__Work item__. Report, as a bare number, how many lines in the data contain "with".

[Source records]
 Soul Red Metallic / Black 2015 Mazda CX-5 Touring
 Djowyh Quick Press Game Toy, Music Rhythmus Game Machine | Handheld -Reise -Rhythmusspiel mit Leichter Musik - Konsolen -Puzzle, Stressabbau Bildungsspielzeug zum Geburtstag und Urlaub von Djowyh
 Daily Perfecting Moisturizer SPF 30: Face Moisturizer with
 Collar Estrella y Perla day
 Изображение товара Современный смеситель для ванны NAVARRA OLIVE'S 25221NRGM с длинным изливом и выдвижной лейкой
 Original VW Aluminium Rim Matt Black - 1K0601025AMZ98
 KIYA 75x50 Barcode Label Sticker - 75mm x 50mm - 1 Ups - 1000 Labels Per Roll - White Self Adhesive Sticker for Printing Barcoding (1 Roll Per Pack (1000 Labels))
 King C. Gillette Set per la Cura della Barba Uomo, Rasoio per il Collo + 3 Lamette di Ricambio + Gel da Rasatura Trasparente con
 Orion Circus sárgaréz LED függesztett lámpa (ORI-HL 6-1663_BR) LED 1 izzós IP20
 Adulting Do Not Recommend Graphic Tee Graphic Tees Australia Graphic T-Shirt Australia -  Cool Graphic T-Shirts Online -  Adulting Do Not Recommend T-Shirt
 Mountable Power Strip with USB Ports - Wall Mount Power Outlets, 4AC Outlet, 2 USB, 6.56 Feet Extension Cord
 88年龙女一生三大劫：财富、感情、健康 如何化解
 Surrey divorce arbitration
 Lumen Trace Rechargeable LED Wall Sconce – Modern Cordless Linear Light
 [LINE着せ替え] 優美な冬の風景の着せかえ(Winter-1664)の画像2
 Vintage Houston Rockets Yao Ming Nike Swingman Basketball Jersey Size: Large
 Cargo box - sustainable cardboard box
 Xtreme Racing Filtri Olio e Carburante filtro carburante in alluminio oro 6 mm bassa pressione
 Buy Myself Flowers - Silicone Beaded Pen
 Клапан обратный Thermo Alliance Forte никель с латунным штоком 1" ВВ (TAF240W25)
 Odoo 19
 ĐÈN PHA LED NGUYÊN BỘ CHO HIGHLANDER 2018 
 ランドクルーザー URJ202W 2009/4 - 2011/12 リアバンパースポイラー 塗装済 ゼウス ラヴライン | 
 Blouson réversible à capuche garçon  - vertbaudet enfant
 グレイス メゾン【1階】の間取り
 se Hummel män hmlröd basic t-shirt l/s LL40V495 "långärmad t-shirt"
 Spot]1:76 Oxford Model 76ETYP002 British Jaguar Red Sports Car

__Solution below__. 2